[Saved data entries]
=== Begin Enclosure ===
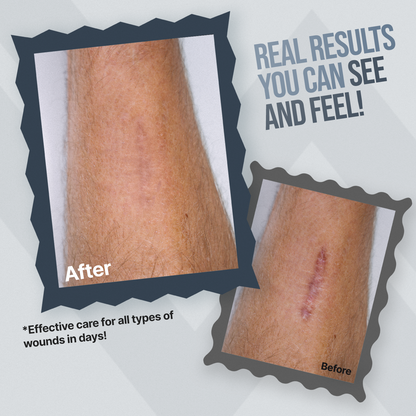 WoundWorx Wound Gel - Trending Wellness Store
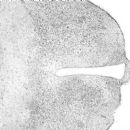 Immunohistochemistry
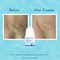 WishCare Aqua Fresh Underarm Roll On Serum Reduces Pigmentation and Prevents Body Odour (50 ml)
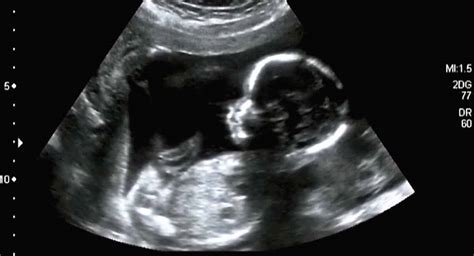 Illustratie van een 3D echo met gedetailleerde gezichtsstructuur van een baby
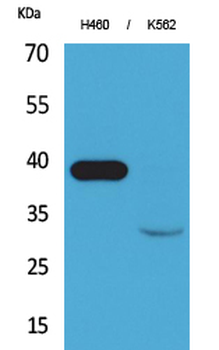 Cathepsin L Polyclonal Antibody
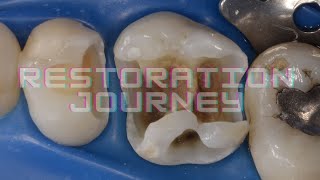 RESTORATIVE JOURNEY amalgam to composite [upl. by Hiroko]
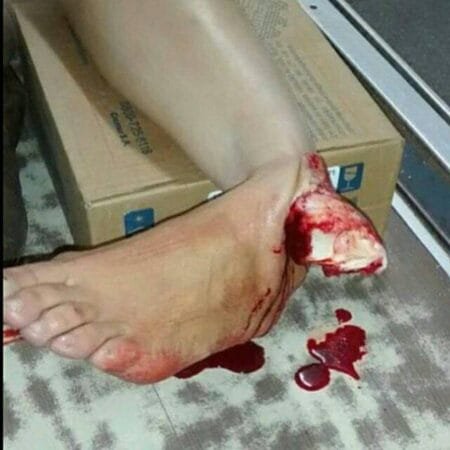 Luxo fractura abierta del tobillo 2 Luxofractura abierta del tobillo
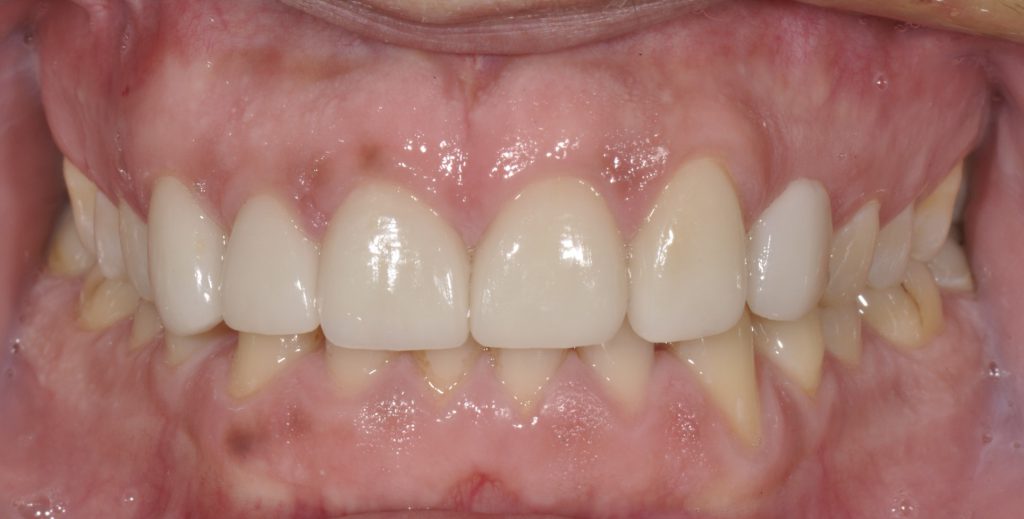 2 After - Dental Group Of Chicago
=== End Enclosure ===
> _Your goal_
What is needed is a word-for-word copy of the lines from the start of the data to the line with "Illustratie van een", inclusive, with no pictures in it.

> _Output for this task_
 WoundWorx Wound Gel - Trending Wellness Store
 Immunohistochemistry
 WishCare Aqua Fresh Underarm Roll On Serum Reduces Pigmentation and Prevents Body Odour (50 ml)
 Illustratie van een 3D echo met gedetailleerde gezichtsstructuur van een baby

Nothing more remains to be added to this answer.